→ **What you are asked to do**
With no line omitted, restate the records below exactly as they appear.

→ **Task input**
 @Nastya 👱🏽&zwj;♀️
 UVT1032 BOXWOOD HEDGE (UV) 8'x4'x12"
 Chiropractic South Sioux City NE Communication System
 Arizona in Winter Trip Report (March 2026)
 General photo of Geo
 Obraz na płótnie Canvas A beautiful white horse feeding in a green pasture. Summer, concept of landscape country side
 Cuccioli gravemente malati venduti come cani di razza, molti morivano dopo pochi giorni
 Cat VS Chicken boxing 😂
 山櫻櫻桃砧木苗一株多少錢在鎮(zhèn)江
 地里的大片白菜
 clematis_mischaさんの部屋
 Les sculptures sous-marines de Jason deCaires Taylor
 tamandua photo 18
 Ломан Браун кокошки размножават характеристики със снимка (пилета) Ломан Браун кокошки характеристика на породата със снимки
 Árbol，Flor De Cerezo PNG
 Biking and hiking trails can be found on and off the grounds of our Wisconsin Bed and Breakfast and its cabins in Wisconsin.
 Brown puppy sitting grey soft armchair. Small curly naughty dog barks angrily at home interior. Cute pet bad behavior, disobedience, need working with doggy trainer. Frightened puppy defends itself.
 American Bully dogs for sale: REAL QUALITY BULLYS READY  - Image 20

→ **Response to the task**
 @Nastya 👱🏽&zwj;♀️
 UVT1032 BOXWOOD HEDGE (UV) 8'x4'x12"
 Chiropractic South Sioux City NE Communication System
 Arizona in Winter Trip Report (March 2026)
 General photo of Geo
 Obraz na płótnie Canvas A beautiful white horse feeding in a green pasture. Summer, concept of landscape country side
 Cuccioli gravemente malati venduti come cani di razza, molti morivano dopo pochi giorni
 Cat VS Chicken boxing 😂
 山櫻櫻桃砧木苗一株多少錢在鎮(zhèn)江
 地里的大片白菜
 clematis_mischaさんの部屋
 Les sculptures sous-marines de Jason deCaires Taylor
 tamandua photo 18
 Ломан Браун кокошки размножават характеристики със снимка (пилета) Ломан Браун кокошки характеристика на породата със снимки
 Árbol，Flor De Cerezo PNG
 Biking and hiking trails can be found on and off the grounds of our Wisconsin Bed and Breakfast and its cabins in Wisconsin.
 Brown puppy sitting grey soft armchair. Small curly naughty dog barks angrily at home interior. Cute pet bad behavior, disobedience, need working with doggy trainer. Frightened puppy defends itself.
 American Bully dogs for sale: REAL QUALITY BULLYS READY  - Image 20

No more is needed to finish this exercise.